Philip Morris (Pakistan) Limited (“PMPKL”) generated Total Net Turnover of PKR 5,345 million reflecting Domestic Net Turnover of PKR 4,497 million, + 2.1% vs. prior period due to an unaltered excise tax rates coupled with Exports Net Turnover of PKR 848 million, an increase of >100% vs. Q1 2021 due to delay in exports at the end of 2021 on account of external supply chain constraints.
A Profit After Tax of PKR 1,150 million for the quarter was posted, vs. prior period Profit After Tax of PKR 718 million. Higher profit after tax was mainly due to lower Distribution & Marketing Expenses in Q1’22 (timing & phasing of spend) coupled with higher Gross Profit.

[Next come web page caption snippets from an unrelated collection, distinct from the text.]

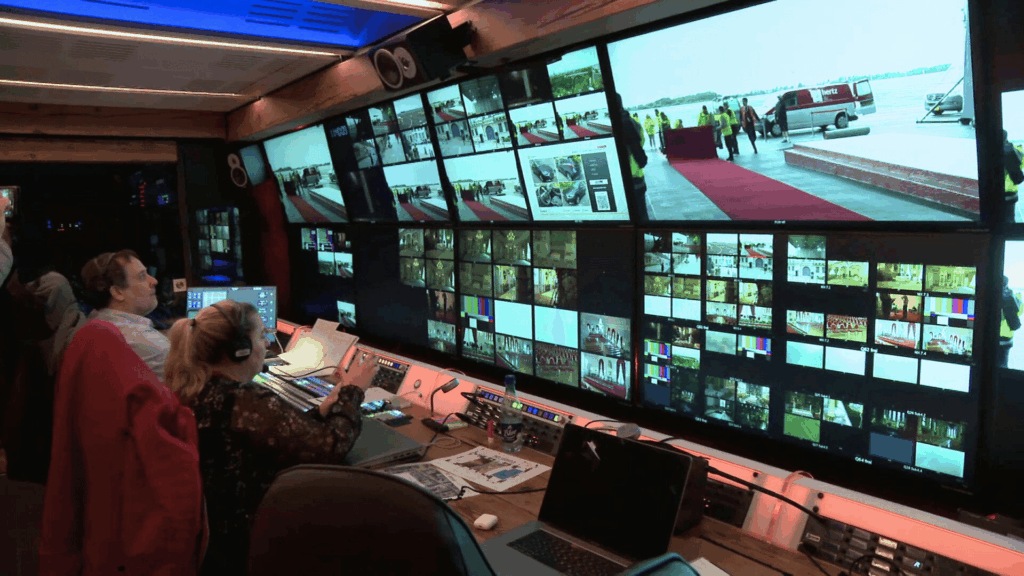 OB van control room during the Papal Visit Coverage in Luxembourg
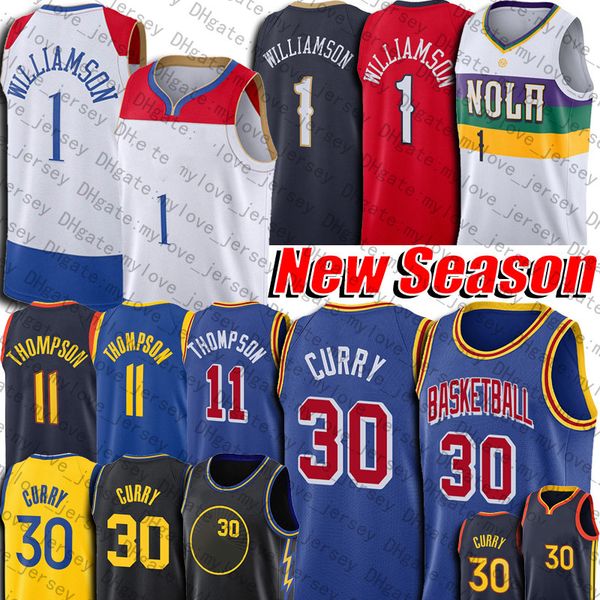 

30 stephen klay curry 11 thompson jersey zion 1 basketball williamson james 33 wiseman jerseys, Black;red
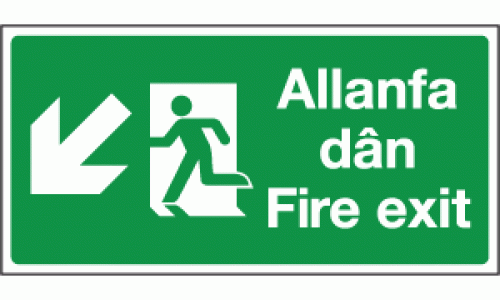 Allanfa dan fire exit left diagonal down sign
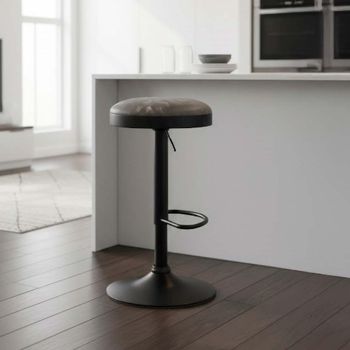 2 x Remi Grey Leather Barstool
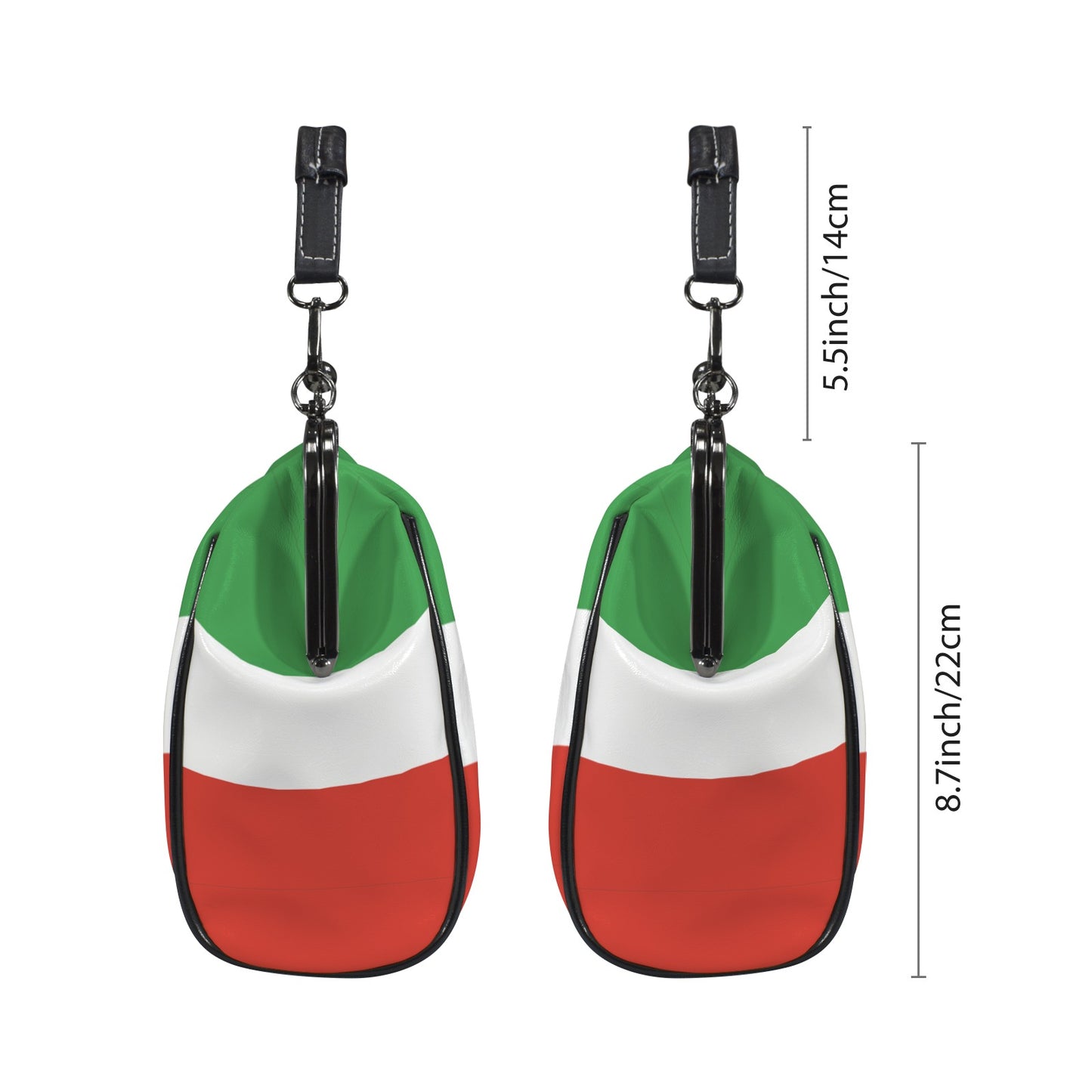 Iran Lion and Sun Flag Inspired Kisslock Crossbody Shoulder Bag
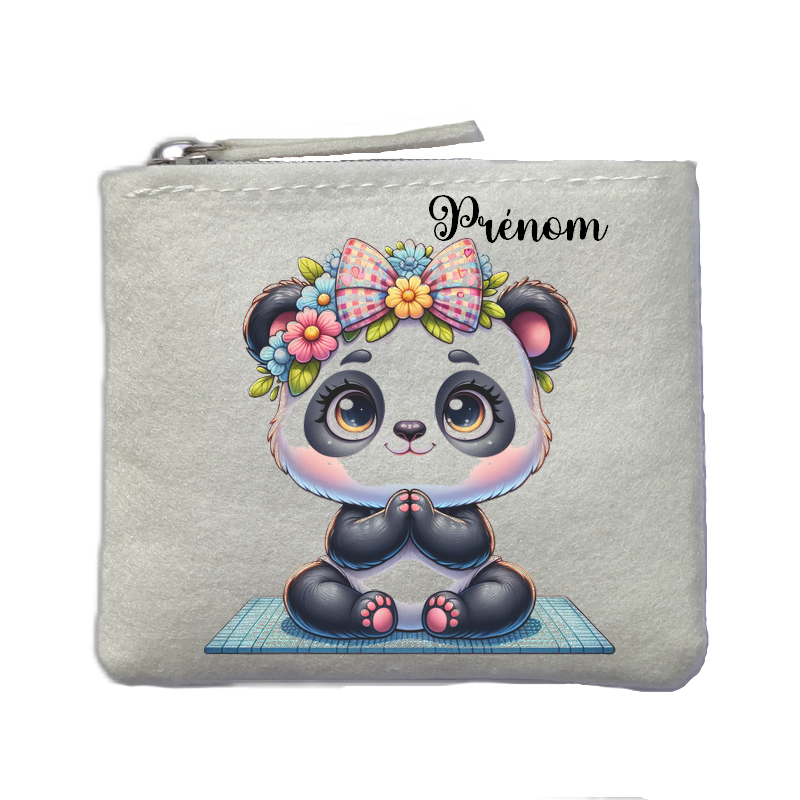 Porte monnaie personnalisé panda yoga ivoire en feutrine en feutrine ivoire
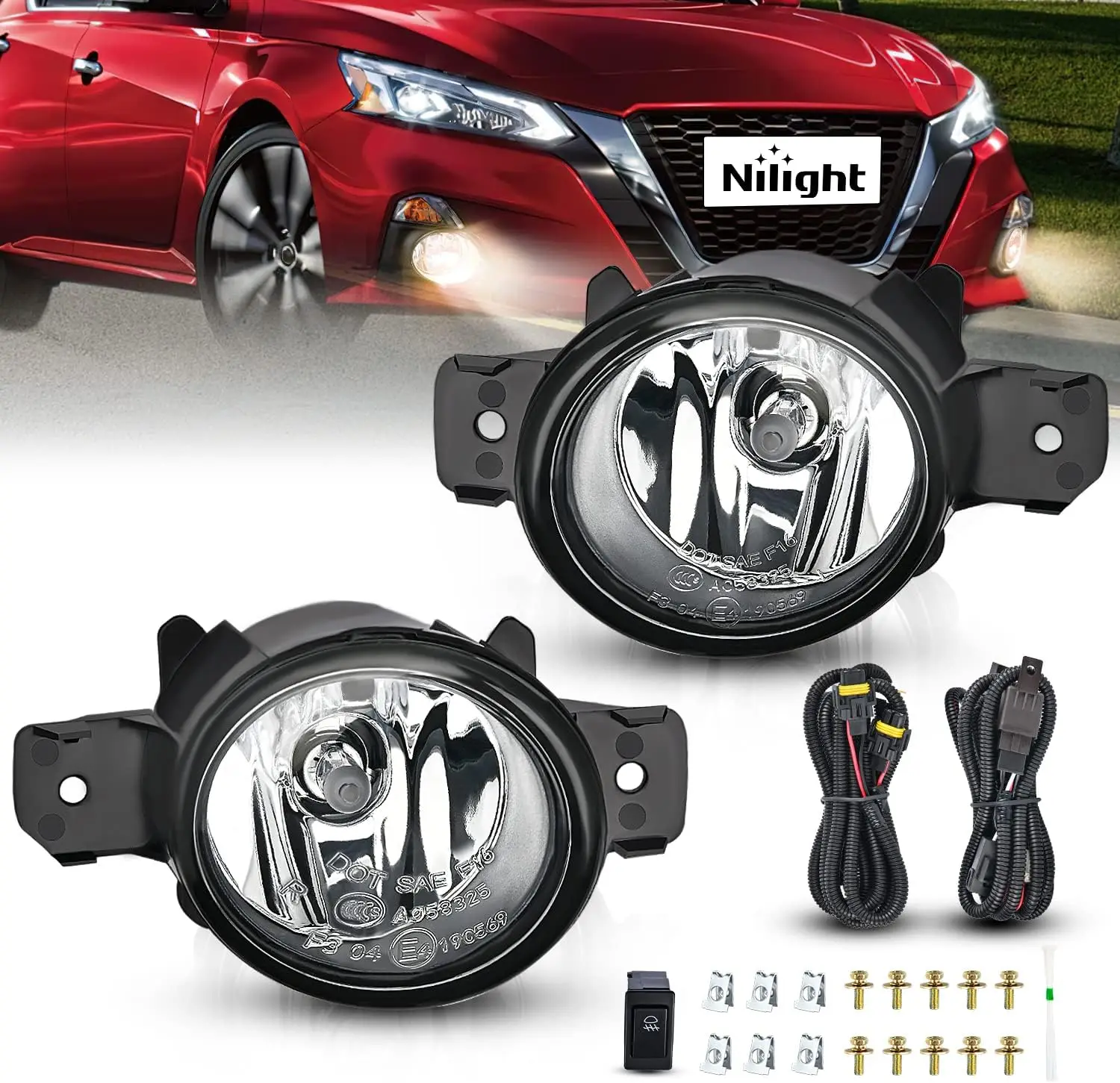 Nilight Fog Light Compatible with 2007-2019 Nissan Altima Versa Note Maxima Pathfinder Infiniti QX60 M35 M45 G37 JX35 ALTIMA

The tax-paid cigarette industry in Pakistan continues to be challenged by the wide presence of non-tax paid illicit cigarettes that are being sold at an average price of PKR 38 per pack while the minimum price prescribed under the tax laws for levy and collection of Federal Excise Duty and Sales Tax is PKR 63 per pack and the tax payable per pack (Excise + Sales Tax) is at least PKR 44 per pack (value tier) of cigarettes.
The wide price-gap between tax-paid and non-tax paid cigarette brands has been the primary driver for the growth (current price gap between tax-paid and non-tax paid brands is estimated at over 200%). Excise driven price increases have contributed to the growth of the non-tax paid illicit segment. The government acknowledges the challenges that the tax-paying cigarette industry faces in Pakistan and has in the recent past taken several initiatives to curb the growth of the illicit cigarette sector.